Brando was playful and mischievous and often self-important, and the content of his interviews with journalists aren’t that reliable. But it’s clear that he isn’t BSing in these solitary recordings. He is open about his character flaws and their origin in his family background – a brute of a father and a sweet but erratic alcoholic mother.

Speaking in the third person, Brando describes himself as “a troubled man alone…confused”. Listen to Me Marlon is filled with nuggets:

  • On his upbringing: “My father is never going to come near that child (his first son Christian) because of what he did to me”.
  • On his art: “you want to stop that motion from the popcorn to the mouth. The Truth will do that.”
  • On the womanizing that broke up his first marriage “The beast aspect of my personality held sway”.
  • On the execrable Candy: “the worst movie I ever made” (drawing knowing chuckles from the audience).

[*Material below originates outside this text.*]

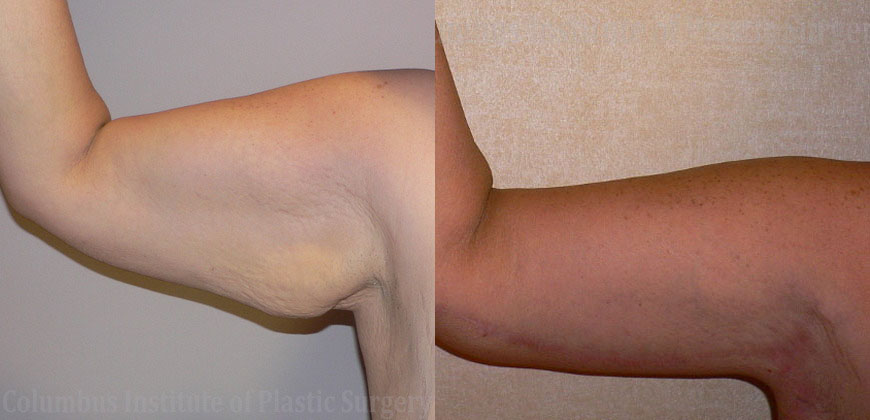 Brachioplasty (Arm Lift) before and after photo by Columbus Institute of Plastic Surgery in Columbus, OH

Some of the tapes even record self-hypnosis as he battles obesity. And there’s a VERY COOL digitized talking Brando head, swirling around in blue pixels as he expounds.

There are also two outtakes where we SEE Brando’s womanizing in action as he comes on to attractive interviewers. We can recognize the instant that, as he says, he starts “thinking with his penis” and launches his flirtatious charm.

I saw Listen to Me Marlon at the San Francisco International Film Festival, where it will screen again this week. Director Riley spoke at the screening, as did noted film historian David Thomson and Brando’s children, Rebecca Brando and Miko Brando.

Rebecca Brando credits Riley for the film’s “humanity” as it treats Brando’s “childhood pain”. Miko Brando pointed out that the flashing lights in some clips came from the bio-feedback machine that Brando used at night. “He went to work as a movie star and came home – not a movie star – just a father”, said Miko, who had just seen the film for the second time.

David Thomson spoke of Brando’s “momentous” and truthful Method as the birth of “genuinely American approach to acting” and its effect on cinema: “the method is made for the close-up” because “if you are agonizing over what to say”, the audience needs to be close enough to see it.

Stevan Riley made the most of his access to the tapes – it’s a masterful job of selection and editing.   Listen to Me Marlon opens tomorrow in theaters, and I expect it to eventually play on Showtime.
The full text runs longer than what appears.